→ What to produce
Whatever pictures the entries hold, omit them, and output exactly the lines from the one containing "Dos jugadores de" through the final line.

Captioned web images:
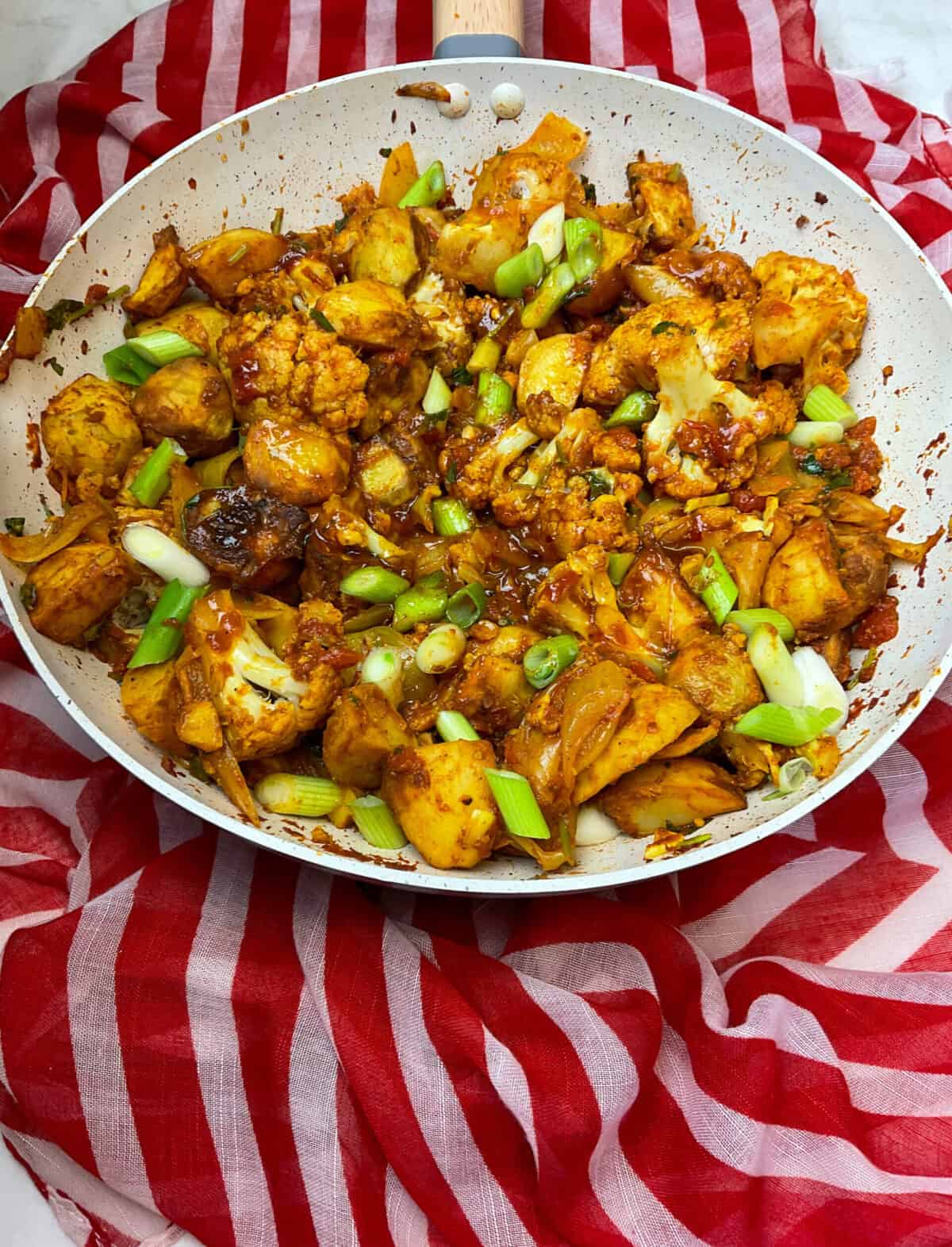 Aloo Gobi cooked and ready to serve in a large Wok, red and white stripy background.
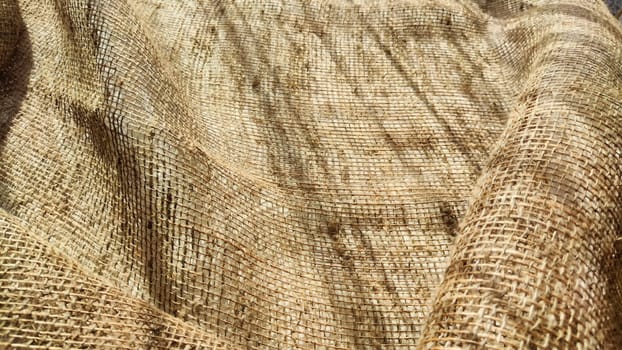 Natural fabric texture, frame and background of burlap. Rough crumpled burlap background. Selective focus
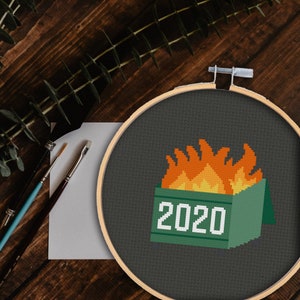 以下が含まれることがあります： 側面に2020年が印刷された緑色のゴミ箱が燃えている。ゴミ箱は濃い灰色の背景にある。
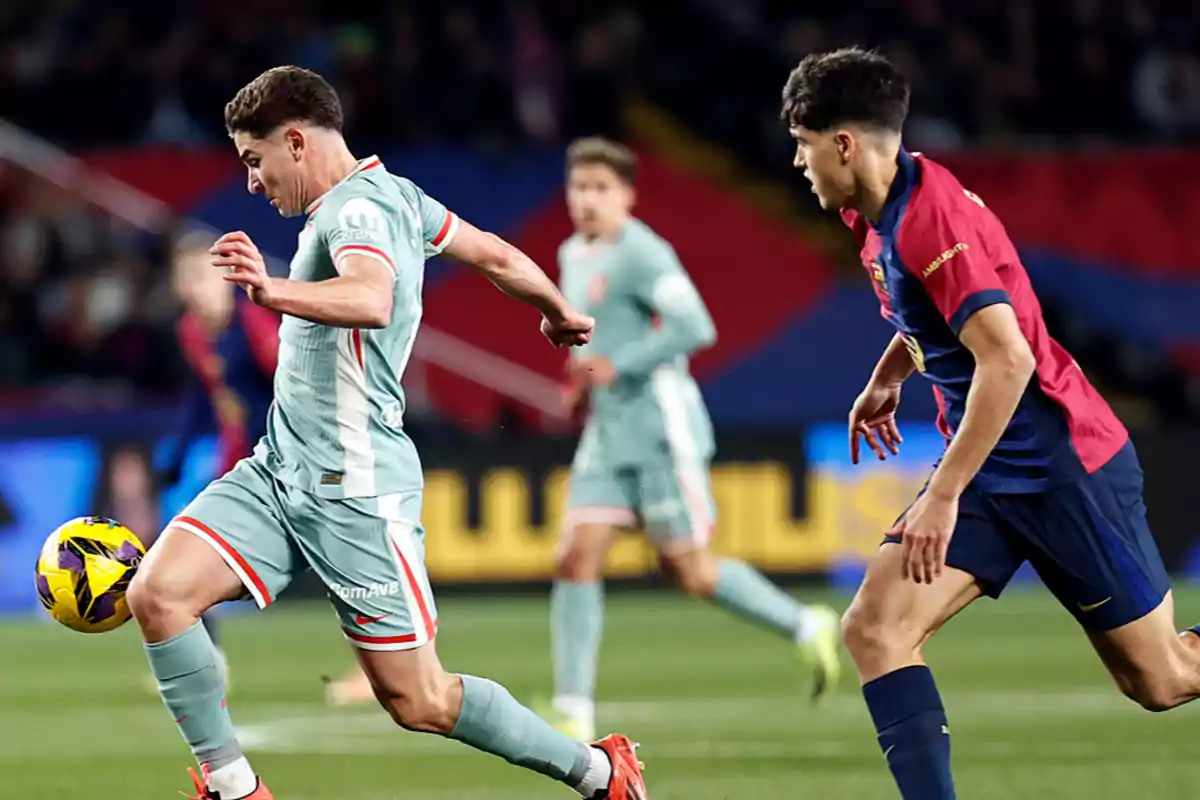 Dos jugadores de fútbol compiten por el balón en un partido.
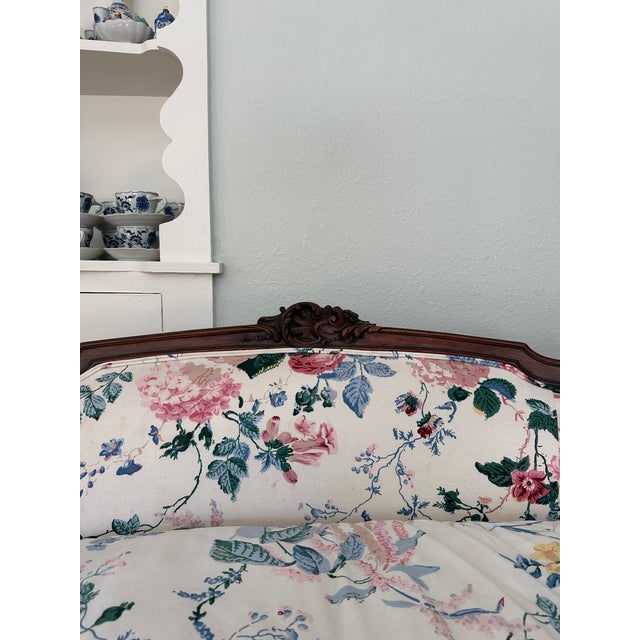 This charming, vintage settee is upholstered in Lee Jofa's Floral Bouquet fabric. The elegant frame has carved details...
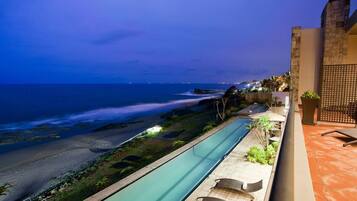A swimming pool with a view of the beach and ocean at dusk.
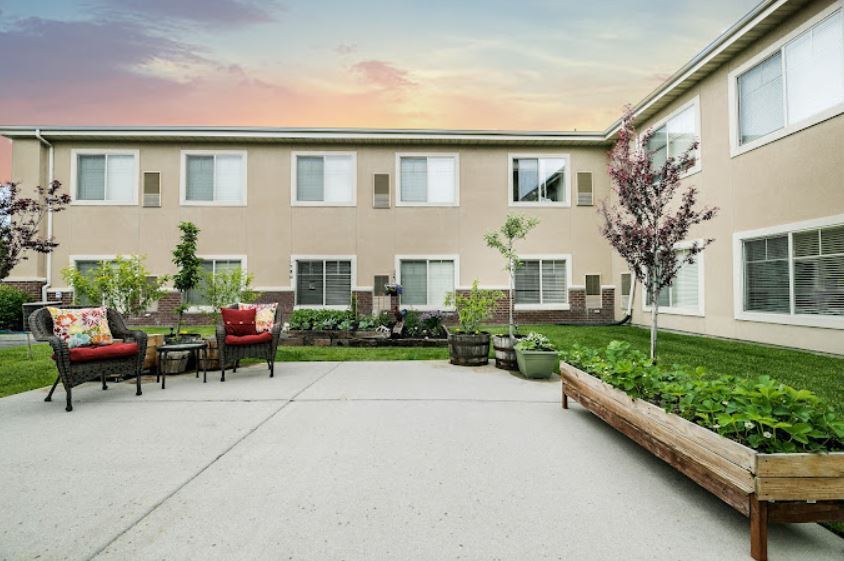 A peaceful courtyard with comfortable outdoor seating and lush landscaping at sunset.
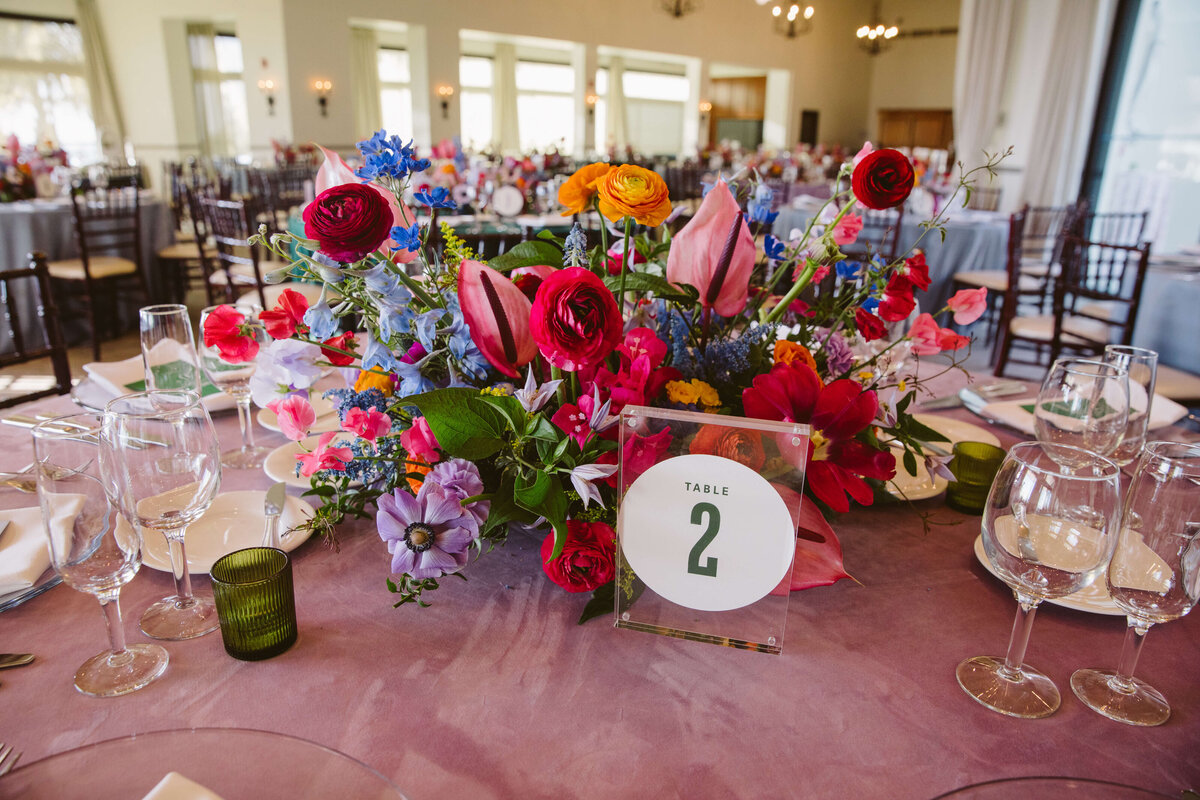 Blush velvet table linen with acrylic seat number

→ Answer to this exercise
 Dos jugadores de fútbol compiten por el balón en un partido.
 This charming, vintage settee is upholstered in Lee Jofa's Floral Bouquet fabric. The elegant frame has carved details...
A swimming pool with a view of the beach and ocean at dusk.
 A peaceful courtyard with comfortable outdoor seating and lush landscaping at sunset.
 Blush velvet table linen with acrylic seat number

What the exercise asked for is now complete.